Toy Story 3 was great for all the reasons the first one was and then some, the Coens remake of True Grit had me enthralled for the entirety and Scott Pilgrim whilst not being everybodys cup of tea was top quality film making that entertains throughout, in the cinema I was struggling for breath I was laughing so much with no sign of a letup.


  1. Cool list,

    I'm really glad to see Ghost Dog on your list, I chose it for that year as well. Such a brilliant, yet overlooked film...

    Nice blog by the way, I'm following!

  2. thank you. it's quite a bit longer than yours!

    I'm very surprised that anyone else chose Ghost Dog actually. I very nearly didn't but the longer i thought about it the better it seemed, the more impressed i am. although i struggle to find a jarmusch movie i don't thoroughly enjoy.

  3. Fantastic list; more times that I can count on all fingers I smiled at the mention of one thing or another, especially the ones that aren't my favourites but I love why you love them. I too went with including the supporting cast of films you also love per year... surprised more people didn't, only in the year of my birth did I find there wasn't a slew of films all my favourites for different reasons.

    I'm with you on Aliens; I forgot to include it on my list but I've always preferred Cameron to Scott, even if the Giger design work is so much more fascinating in the original and the performances are, you know, so much more 'respectable'. I still prefer Weaver and Biehn fondling through firearms and Paxton immortalising the phrase 'Game over man, game over!'. And the mention of Brave Little Toaster :) I tried to watch this recently and it IS one of those films that isn't so timelessly well done that you realise with relief it's still watchable when you grow up. Pixar it is not.

    Also with you on LA Confidential, although I think it's an improvement on the book as opposed to a good adaption of it. Just my opinion, but if I'd read the book first with it's twisty and (for me) implausible twisted conspiracy story, I probably would have assumed the film would be about all that and not bothered watching it :/ The only thing that's new to me was Gamer, though many people have been telling me Neveldine and Taylor would be totally up my street. I take this as a sign I should go and get it.


  4. Great picks! Really enjoyed them. I'll be sure to keep reading your blog too!

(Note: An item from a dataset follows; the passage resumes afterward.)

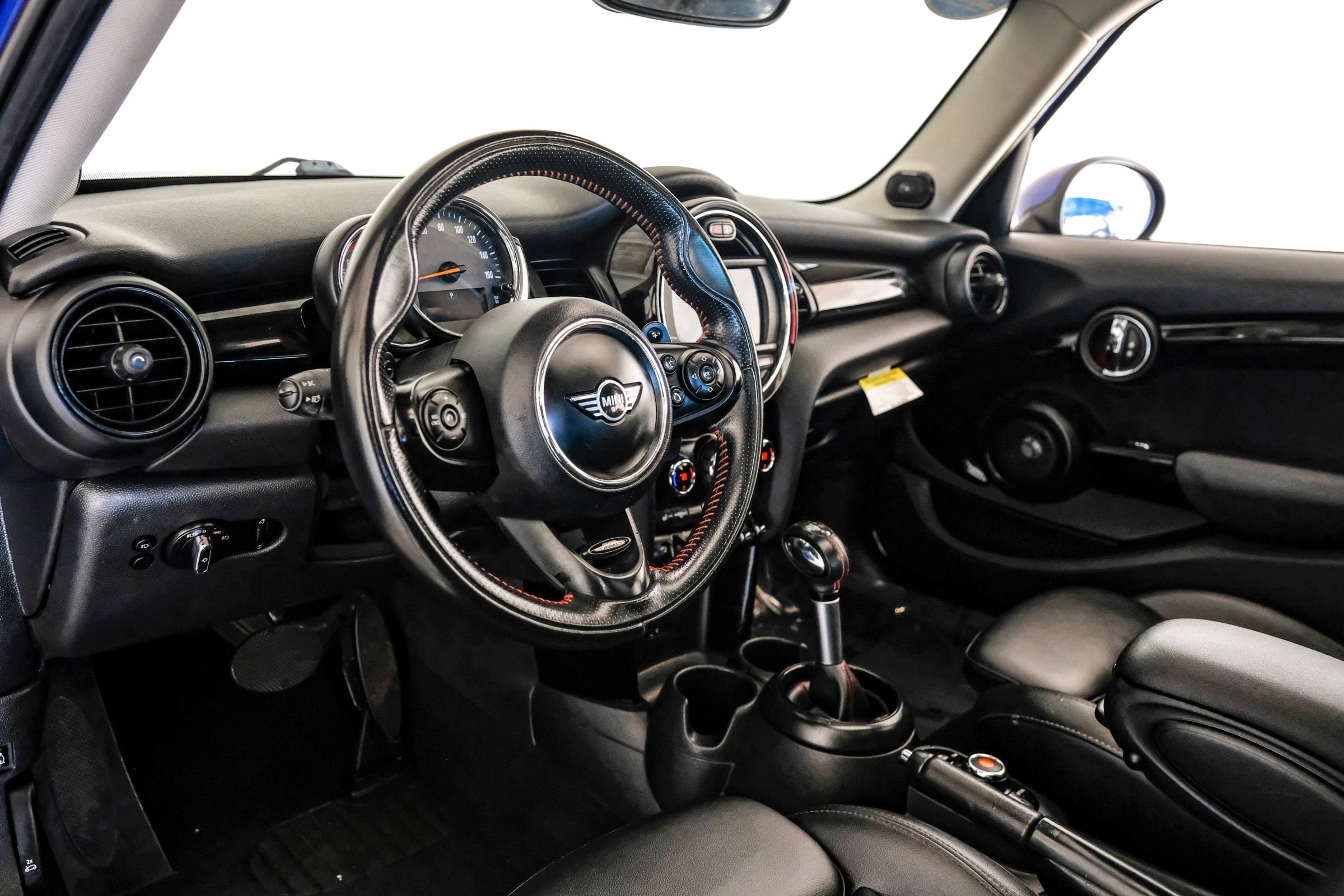 Used 2019 MINI Cooper S w/ Premium Package FWD image 2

  5. hels - i find it hard to be critical of james ellroy, his work is so large in scope and so black in content that i love being taken on his journeys through americas underbelly. but i do think that the adaptation is one of the very best of its kind as they could have quite easily got bogged down in unnecessary plot points. as for neveldine and taylor, i'm not a fan of crank but pathology was pretty good, they just managed to get gamer so totally right in my opinion.

    joanna - thank you for the kind words, i hope you continue to enjoy my posts.